**What to do**
Lines before the one containing "Oil painting of" are not wanted; restate the rest below word for word, through the last line, but drop any pictures.

Short web captions

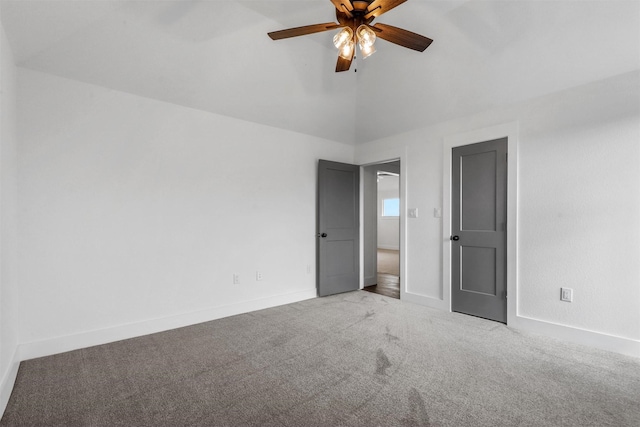 interior space with vaulted ceiling, carpet flooring, a ceiling fan, and baseboards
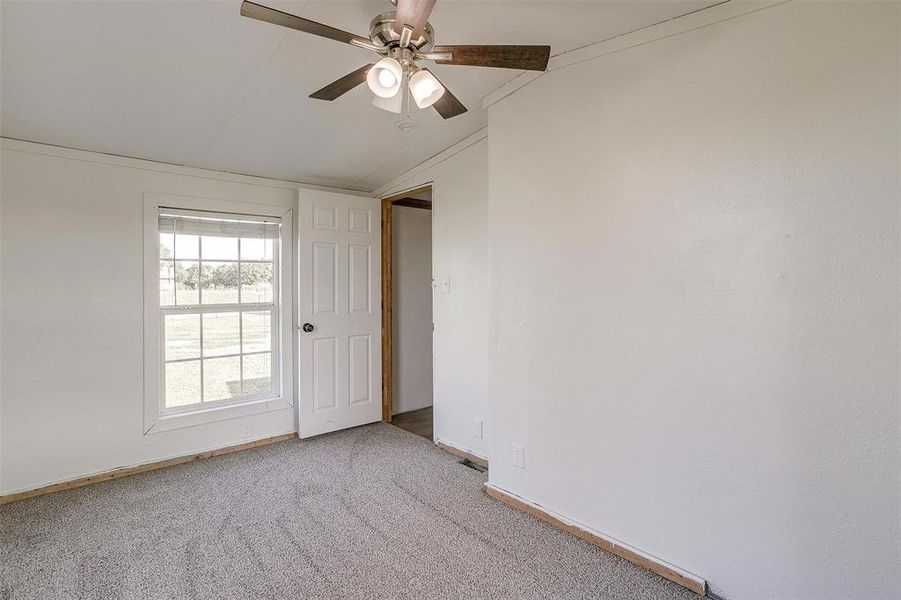 Carpeted spare room with lofted ceiling and ceiling fan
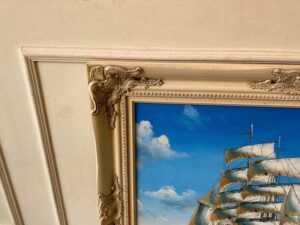 Oil painting of a pirate ship sailing in the ocean.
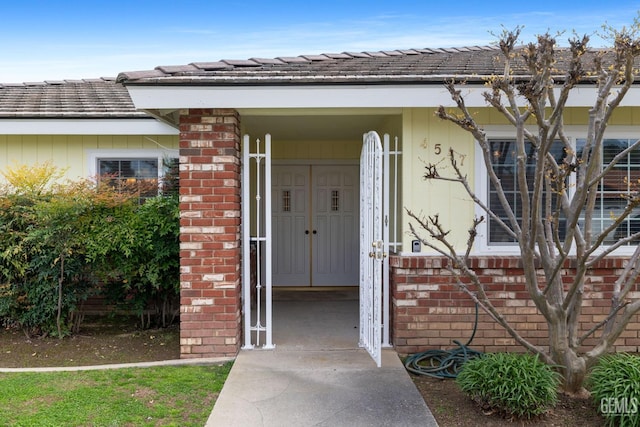 view of exterior entry featuring brick siding and a tile roof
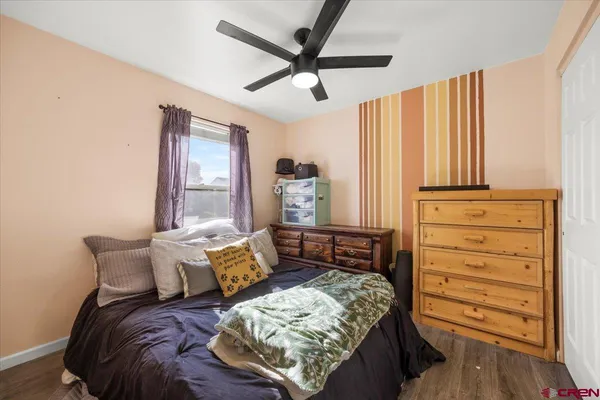 a bed room with a bed and a window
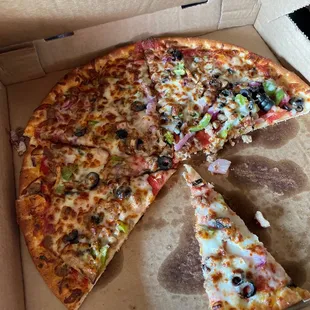 a whole pizza in a box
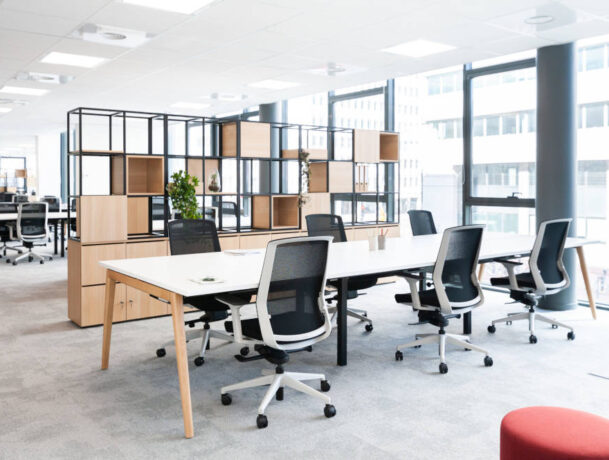 Bureau ouvert équipé de tables Woodesk et de sièges ergonomiques J1 avec un séparateur CORRAL, créant un espace de travail à la fois fonctionnel et ergonomique pour un confort optimal tout au long de la journée.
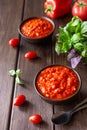 Balkan sauce ajvar in a clay bowl and ingredients for its preparation on a wooden background. Serbian traditional food Royalty Free Stock Photo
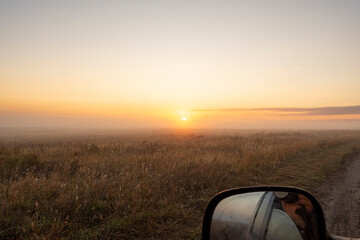 Calm foggy landscape of empty meadow in countryside. Photographer takes photo from car window. Morning with golden light of rising sun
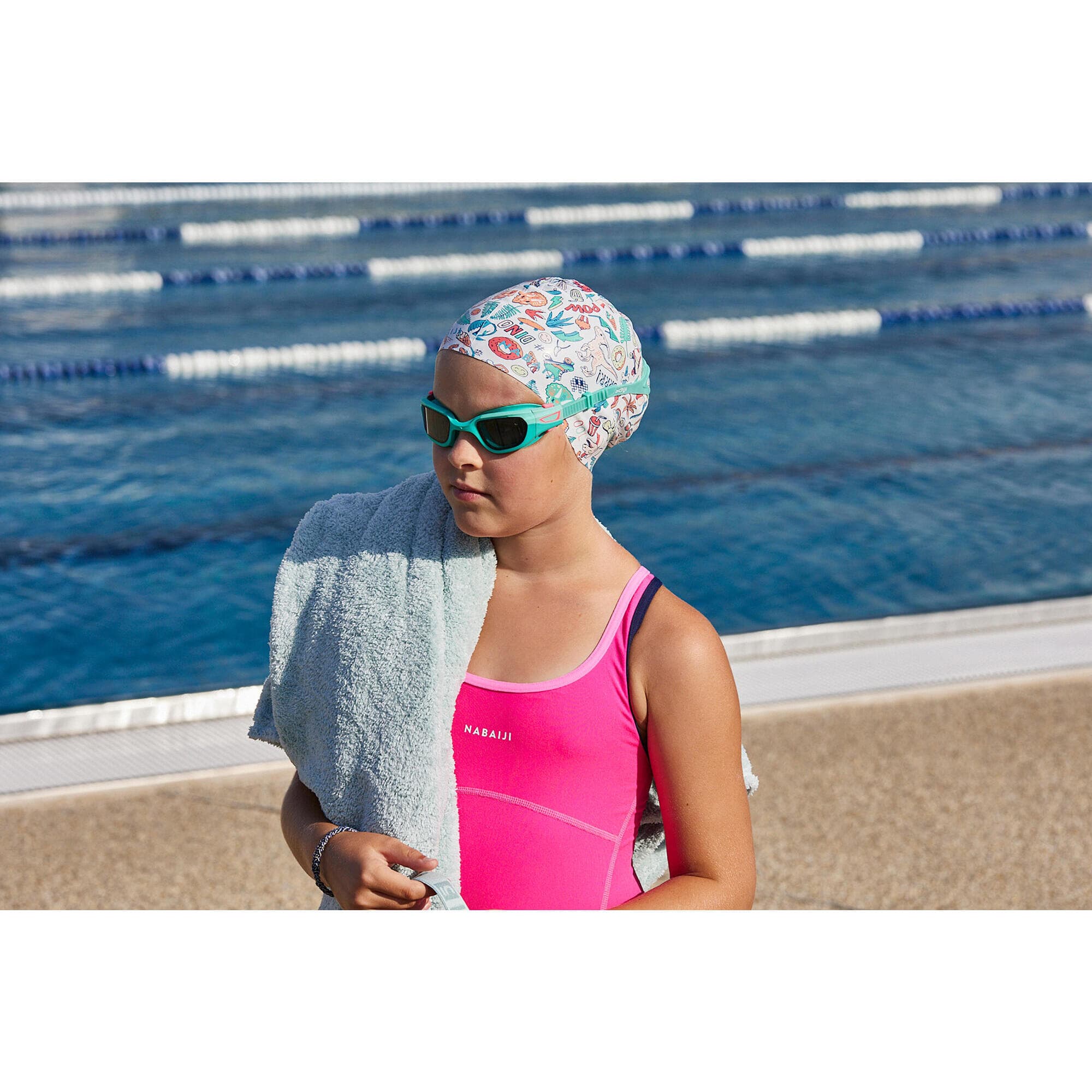 کلاه شنا نابایجی – دکتلون Nabaiji Silicone Swimming Cap – White / Dino Printed – 500 — تصویر ۲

**Exercise response**
 Oil painting of a pirate ship sailing in the ocean.
 view of exterior entry featuring brick siding and a tile roof
 a bed room with a bed and a window
 a whole pizza in a box
 Bureau ouvert équipé de tables Woodesk et de sièges ergonomiques J1 avec un séparateur CORRAL, créant un espace de travail à la fois fonctionnel et ergonomique pour un confort optimal tout au long de la journée.
 Balkan sauce ajvar in a clay bowl and ingredients for its preparation on a wooden background. Serbian traditional food Royalty Free Stock Photo
 Calm foggy landscape of empty meadow in countryside. Photographer takes photo from car window. Morning with golden light of rising sun
 کلاه شنا نابایجی – دکتلون Nabaiji Silicone Swimming Cap – White / Dino Printed – 500 — تصویر ۲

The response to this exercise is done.